- Born: New York City
- Occupations: hair stylist and salon owner
- Known for: Creator of the Keratin Complex and Keratin Concept lines

= Peter Coppola =

Peter Coppola is a hair stylist, salon owner, and businessman. He has opened 34 salons throughout his career. He is also the owner of Peter Coppola Keratin Concept in Boca Raton, Florida.

==Early life==

Coppola was born and raised in New York City. He is the son of Italian immigrants and grew up on 116th street in Manhattan. As a child, he wanted to be an architect and played the drums. As a teenager, Coppola worked at the Copacabana nightclub and was exposed to fashion and style by the venue's famous and wealthy clientele.

Coppola became interested in the hair industry during his time spent across the street from his childhood home at a neighborhood salon. He credits the shop owners of his neighborhood salon and his mother as pushing him to attend beauty school.

==Career==

Coppola graduated from beauty school in the early 1960s. Early in his career, Coppola worked as an assistant to stylist Paul McGregor (who created Jane Fonda’s signature shag cut). Coppola also worked with stylist Vidal Sassoon early in his career and credits Sassoon as a mentor and inspiration. Other stylists he admires include Frédéric Fekkai and John Sahag.

In 1968, Coppola teamed up with stylist Paul Mitchell to open the first American hair cutting salon. A year later, hair-care product maker Clairol approached him to collaborate on product development. Coppola and Clairol worked together on Clairol's Luminize product line. In 1972, Coppola went to the New York Supreme Court on the ban on men's haircuts in beauty salons. In 1996, Coppola received the Cosmair World Class Color Award.

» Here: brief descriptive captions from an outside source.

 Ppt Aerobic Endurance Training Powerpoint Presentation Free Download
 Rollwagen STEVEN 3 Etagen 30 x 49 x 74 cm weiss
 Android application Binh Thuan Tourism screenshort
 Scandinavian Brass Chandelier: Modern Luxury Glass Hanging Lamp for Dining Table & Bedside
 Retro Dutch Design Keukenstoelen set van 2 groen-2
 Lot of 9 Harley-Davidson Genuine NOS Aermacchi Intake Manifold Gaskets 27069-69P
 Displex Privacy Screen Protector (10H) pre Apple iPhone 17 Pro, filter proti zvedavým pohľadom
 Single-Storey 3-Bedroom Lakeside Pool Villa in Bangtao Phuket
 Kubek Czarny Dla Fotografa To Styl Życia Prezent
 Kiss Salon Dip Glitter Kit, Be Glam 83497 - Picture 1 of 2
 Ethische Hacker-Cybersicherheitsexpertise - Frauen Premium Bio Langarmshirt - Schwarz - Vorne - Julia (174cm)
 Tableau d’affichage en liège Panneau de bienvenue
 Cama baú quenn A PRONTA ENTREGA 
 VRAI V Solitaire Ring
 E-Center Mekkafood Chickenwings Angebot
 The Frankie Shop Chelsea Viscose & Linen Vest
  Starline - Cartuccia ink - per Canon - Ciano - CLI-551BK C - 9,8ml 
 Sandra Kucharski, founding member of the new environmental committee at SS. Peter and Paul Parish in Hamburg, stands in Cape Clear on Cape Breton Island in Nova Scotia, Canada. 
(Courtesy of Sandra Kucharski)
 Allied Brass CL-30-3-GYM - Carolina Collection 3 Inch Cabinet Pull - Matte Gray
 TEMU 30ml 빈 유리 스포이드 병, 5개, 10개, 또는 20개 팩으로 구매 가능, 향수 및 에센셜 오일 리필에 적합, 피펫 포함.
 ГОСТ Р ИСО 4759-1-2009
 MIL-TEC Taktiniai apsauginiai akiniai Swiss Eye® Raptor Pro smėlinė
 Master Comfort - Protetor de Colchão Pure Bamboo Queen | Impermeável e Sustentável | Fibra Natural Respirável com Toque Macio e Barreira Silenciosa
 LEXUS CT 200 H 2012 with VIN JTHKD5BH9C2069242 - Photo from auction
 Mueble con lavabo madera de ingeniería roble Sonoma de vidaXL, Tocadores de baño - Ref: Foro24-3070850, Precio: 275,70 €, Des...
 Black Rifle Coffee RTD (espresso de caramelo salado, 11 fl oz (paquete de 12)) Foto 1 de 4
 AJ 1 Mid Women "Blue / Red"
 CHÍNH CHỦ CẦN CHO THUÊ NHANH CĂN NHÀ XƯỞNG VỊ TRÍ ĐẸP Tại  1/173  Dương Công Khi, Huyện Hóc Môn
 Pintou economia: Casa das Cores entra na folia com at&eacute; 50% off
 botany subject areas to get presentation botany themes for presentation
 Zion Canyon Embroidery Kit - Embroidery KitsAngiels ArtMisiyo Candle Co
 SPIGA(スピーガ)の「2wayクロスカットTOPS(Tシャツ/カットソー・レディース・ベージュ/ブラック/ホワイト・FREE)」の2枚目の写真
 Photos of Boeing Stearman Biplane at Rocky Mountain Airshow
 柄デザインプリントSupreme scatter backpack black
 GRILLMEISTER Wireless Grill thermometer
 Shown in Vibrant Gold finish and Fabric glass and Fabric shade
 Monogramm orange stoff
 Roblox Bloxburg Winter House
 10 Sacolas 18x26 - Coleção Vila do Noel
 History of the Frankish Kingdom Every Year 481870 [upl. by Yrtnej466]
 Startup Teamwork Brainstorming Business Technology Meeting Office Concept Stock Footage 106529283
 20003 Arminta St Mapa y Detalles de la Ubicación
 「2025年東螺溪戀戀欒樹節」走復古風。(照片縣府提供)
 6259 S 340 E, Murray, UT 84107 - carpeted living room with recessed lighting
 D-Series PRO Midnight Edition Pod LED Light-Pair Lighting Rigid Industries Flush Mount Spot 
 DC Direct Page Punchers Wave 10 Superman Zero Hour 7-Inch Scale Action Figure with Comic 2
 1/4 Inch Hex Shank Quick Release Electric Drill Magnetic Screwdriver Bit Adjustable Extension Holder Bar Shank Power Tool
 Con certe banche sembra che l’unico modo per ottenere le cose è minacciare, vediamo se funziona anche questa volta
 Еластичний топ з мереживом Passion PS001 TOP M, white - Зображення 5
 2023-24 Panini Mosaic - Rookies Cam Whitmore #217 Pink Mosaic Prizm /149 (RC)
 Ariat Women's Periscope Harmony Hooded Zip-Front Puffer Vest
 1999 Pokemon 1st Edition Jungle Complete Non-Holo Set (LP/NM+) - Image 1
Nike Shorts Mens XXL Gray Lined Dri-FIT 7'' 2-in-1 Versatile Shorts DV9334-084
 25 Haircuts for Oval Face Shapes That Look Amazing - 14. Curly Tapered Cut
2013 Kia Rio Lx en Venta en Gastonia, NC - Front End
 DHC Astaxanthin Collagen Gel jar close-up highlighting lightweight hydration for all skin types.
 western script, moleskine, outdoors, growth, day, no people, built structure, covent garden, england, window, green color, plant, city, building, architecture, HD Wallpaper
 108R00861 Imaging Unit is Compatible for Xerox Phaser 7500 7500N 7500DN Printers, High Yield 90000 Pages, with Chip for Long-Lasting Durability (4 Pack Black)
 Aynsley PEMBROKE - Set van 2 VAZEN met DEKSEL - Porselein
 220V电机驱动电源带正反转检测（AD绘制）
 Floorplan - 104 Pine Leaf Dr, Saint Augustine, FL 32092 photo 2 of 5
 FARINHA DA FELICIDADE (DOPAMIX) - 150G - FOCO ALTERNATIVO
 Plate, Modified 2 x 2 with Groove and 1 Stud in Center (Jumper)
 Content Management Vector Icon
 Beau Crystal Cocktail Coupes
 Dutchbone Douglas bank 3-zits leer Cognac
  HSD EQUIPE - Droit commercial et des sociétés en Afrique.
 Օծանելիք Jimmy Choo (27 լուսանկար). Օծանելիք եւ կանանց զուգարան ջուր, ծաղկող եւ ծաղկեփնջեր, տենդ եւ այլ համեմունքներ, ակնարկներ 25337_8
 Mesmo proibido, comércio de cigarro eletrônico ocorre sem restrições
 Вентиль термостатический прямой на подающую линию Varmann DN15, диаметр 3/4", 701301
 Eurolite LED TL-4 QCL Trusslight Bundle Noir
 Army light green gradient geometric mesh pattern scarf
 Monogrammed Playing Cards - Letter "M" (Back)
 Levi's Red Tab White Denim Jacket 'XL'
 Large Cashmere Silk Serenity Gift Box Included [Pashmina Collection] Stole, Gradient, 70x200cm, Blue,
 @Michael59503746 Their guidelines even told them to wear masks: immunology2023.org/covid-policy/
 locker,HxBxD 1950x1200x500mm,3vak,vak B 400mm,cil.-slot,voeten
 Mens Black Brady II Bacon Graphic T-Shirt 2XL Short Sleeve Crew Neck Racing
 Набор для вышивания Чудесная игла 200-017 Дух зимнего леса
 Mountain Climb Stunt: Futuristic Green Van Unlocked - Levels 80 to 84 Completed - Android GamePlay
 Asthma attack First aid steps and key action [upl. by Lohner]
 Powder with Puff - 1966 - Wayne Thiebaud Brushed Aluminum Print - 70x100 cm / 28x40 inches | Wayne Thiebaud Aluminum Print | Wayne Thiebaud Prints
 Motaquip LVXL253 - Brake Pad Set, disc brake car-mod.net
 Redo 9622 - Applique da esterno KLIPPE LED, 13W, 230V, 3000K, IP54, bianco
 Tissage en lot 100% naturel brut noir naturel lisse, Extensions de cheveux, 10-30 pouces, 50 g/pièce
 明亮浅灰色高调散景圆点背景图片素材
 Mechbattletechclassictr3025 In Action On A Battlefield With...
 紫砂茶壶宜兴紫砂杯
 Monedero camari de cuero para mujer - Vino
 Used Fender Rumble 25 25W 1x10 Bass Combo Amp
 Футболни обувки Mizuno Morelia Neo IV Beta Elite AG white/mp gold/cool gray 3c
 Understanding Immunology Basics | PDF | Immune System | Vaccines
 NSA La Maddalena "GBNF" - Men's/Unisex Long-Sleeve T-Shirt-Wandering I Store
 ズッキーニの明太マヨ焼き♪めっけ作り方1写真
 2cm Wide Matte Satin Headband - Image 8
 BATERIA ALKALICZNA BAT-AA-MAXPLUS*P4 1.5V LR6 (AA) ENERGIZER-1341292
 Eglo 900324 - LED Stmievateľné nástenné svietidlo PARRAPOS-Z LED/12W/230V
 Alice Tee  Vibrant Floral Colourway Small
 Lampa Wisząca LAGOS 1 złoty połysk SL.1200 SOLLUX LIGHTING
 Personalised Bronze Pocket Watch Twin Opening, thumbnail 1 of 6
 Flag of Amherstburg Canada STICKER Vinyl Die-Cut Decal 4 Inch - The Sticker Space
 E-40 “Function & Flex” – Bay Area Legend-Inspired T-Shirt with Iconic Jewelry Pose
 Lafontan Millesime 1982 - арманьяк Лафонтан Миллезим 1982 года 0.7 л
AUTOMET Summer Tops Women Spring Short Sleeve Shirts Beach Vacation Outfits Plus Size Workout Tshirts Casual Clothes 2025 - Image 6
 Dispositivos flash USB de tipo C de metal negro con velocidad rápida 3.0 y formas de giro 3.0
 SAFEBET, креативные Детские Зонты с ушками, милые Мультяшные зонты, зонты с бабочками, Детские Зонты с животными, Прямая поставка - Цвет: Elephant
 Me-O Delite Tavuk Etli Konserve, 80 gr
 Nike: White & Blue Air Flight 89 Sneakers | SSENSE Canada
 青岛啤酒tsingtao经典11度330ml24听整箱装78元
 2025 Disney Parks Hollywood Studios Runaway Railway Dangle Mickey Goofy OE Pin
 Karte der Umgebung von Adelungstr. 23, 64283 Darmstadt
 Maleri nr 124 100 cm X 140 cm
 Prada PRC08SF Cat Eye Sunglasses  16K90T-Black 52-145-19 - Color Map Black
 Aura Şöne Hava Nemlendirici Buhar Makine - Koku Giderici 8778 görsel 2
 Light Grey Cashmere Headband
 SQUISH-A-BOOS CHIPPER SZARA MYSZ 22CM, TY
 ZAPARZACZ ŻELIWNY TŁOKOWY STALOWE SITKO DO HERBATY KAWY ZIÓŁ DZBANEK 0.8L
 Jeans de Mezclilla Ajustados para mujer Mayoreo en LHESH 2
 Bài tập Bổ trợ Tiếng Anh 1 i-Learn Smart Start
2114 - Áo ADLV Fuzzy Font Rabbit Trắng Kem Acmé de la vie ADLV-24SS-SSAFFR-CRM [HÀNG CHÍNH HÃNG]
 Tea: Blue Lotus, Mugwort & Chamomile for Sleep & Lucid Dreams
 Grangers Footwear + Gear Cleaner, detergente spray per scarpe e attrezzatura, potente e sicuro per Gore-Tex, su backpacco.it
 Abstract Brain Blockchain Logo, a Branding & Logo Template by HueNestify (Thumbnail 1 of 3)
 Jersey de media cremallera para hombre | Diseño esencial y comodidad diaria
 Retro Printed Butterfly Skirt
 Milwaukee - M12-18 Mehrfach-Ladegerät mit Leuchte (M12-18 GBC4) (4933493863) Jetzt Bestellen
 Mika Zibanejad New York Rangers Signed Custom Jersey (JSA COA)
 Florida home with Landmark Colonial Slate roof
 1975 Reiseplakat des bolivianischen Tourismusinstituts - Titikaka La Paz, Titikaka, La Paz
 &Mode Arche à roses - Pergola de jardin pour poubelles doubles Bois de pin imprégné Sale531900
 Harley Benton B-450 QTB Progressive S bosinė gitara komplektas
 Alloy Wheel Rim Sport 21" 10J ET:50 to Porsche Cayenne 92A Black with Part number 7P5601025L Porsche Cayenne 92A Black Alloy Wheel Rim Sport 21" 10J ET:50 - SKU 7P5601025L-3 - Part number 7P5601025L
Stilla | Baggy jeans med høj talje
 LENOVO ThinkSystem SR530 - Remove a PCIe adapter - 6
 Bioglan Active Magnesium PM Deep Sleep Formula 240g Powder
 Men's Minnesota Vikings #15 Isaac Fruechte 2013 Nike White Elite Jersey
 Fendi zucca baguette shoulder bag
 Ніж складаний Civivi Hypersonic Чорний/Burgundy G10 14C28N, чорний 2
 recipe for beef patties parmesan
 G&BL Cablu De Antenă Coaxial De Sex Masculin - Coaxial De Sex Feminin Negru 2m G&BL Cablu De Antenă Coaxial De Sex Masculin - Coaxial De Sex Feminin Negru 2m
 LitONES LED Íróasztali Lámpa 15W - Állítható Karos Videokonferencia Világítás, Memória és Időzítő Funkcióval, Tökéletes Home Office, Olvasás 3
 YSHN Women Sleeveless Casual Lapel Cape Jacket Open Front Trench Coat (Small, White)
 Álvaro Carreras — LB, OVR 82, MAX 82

Coppola worked with television shopping network QVC early in the network's existence. He appeared regularly on QVC for five years and developed the Peter Coppola's New York Soyagen Complex product line and a hair volumizing system specifically for QVC audiences. He credits QVC with educating him on product development. Coppola has also worked with the Home Shopping Network.

In June 2013, Coppola introduced his Keratin Concept Hair Therapy Smoothing System product line at the Premiere Show 2013, an industry exposition in Orlando, Florida. Coppola also gave away a 2013 Fiat 500 and hair-care products during the exposition.

==Products==

Coppola's Keratin Concept Hair Therapy Smoothing System contains keratin protein, ceramides, collagen and other ingredients to "add volume, reduce damage and strengthen hair." Unlike similar products, Keratin Concept does not contain any formaldehyde.

==Personal life==

Coppola's parents were born in Naples, Italy and immigrated to Manhattan with their brothers and sisters. He has a daughter named Francesca and a son, Peter Jr.